Pada 20-22 Agustus 2007, kami pun mengikuti Pelatihan FD. Mulailah saya berusaha memahami dan mempelajari apa tugas dan tanggung jawab sebagai FD atau KPMD. Pembahasan teknis pembuatan Peta Sosial Desa, pendataan rumah tangga miskin (RTM) pun kami ikuti dengan serius dan penuh rasa tanggung jawab sebagai perwakilan Desa Air Nyatoh. Pada hari ketiga, para peserta diajak untuk  melaksanakan praktik lapangan. Sampailah akhirnya, pada pengujung acara pelatihan Failitator Desa, ada agenda pemilihan seorang Pendamping Lokal (PL). Tanpa diduga ternyata nama saya banyak disebut dan dipilih 22 FD yang mewakili 11 desa di Kecamatan Simpang Tritip saat itu. Akhirnya, forum memutuskan saya untuk mengisi posisi sebagai PL Kecamatan Simpang Tritip.  Supaya posisi dan peran saya lebih kuat dan diakui Forum Musyawarah Antar Desa Prioritas Usulan (MAD) II Kecamatan Simpang Tritip menetapkan saya sebagai PL Kecamatan Simpang Tritip terhitung  6 oktober 2007.

Usai MAD II yang merupakan forum pengambil keputusan tertinggi dalam PNPM MPd. tingkat kecamatan, saya mulai melaksanakan tugas sebagai PL dan aktif berkeliling mendatangi desa–desa mendampingi Fasilitator Kecamatan (FK). Sedikit demi sedikit, saya pelajari bagaimana tata dan cara berbicara di depan masyarakat dan forum. Apalagi yang  saya temui dan hadapi para pejabat di desa dan kecamatan.
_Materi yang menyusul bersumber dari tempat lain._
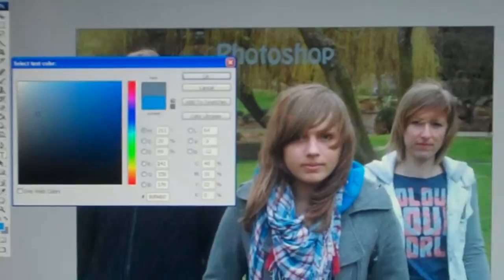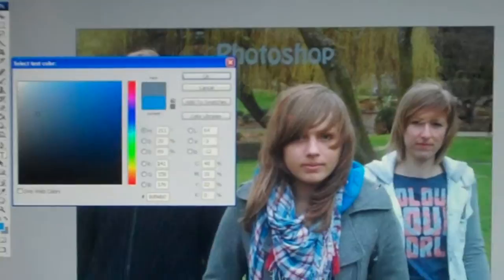After you've done that, the colour should come up on the top bar, and after that, if you click OK, your text should change colour. And that's how you use the eyedropper tool.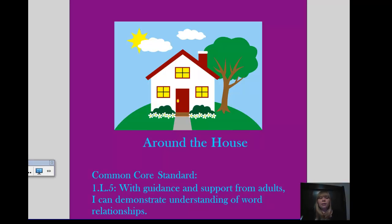This is my Smart Notebook lesson and this is my theme page. The theme is Around the House. Here I would introduce the theme and then we would talk about the different rooms in a house and some of the objects that you would find in each room. I have the Common Core standard listed at the bottom — it's for first grade language. It says with guidance and support from adults, I can demonstrate understanding of word relationships.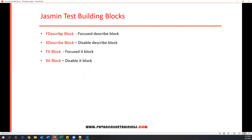So this is how we can use fdescribe, xdescribe, fit, and xit blocks. fdescribe focuses a specific describe block; if you have multiple describe blocks and want to execute specific ones, mark them as fdescribe. To ignore a describe block, mark it as xdescribe. Similarly, fit executes only that specific it block, and xit disables or ignores a specific it block in the describe. These are the different blocks available in the Jasmine framework. In the next video we'll see a few more blocks — thanks for watching.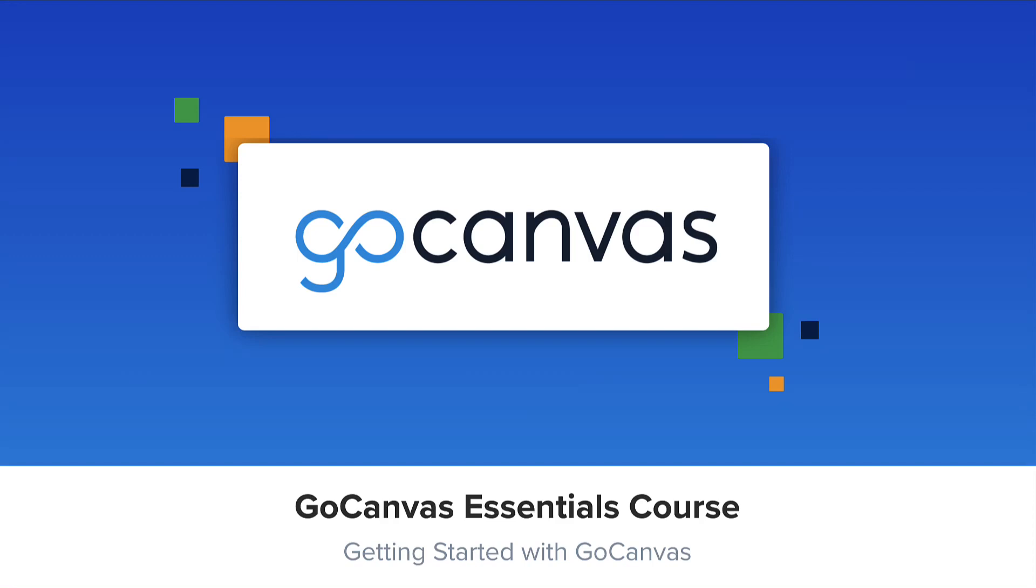Hello and welcome to the GoCanvas Essentials course. This course is designed to give you the tools you need for a successful implementation and adoption of the GoCanvas platform.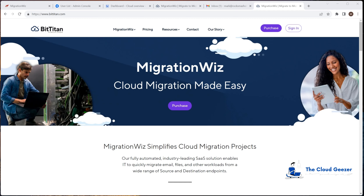Hello and welcome to this session. Today we're going to be migrating a Google account with email across to a Microsoft 365 tenant email address. We're going to be using the BitTitan MigrationWiz tool. I'm going to take you through everything we need to do start to finish — setting up the Google source tenant, the MigrationWiz console, and configuring the target tenant to receive the data.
Jujur sebelum menjadi Pendamping Lokal, belum pernah saya lakukan sebelumnya berdialog dan berbicara di hadapan orang banyak dalam forum resmi dan pertemuan-pertemuan yang dijadwalkan FK dan Unit Pengelola Kegiatan (lembaga pengelola kegiatan PNPM MPd. di tingkat kecamatan). Hari demi hari tak terasa terlewati. Hati saya pun mulai ditumbuhi rasa menyukai program ini. Karena memberikan sesuatu yang berbeda. Prinsip transparan dan akuntabel benar–benar menyatu dalam hati dan pikiran saya, karena selama ini yang saya tahu hanya orang tertentu saja yang dapat mengakses dan ikut serta terlibat dalam suatu program pemberdayaan masyarakat.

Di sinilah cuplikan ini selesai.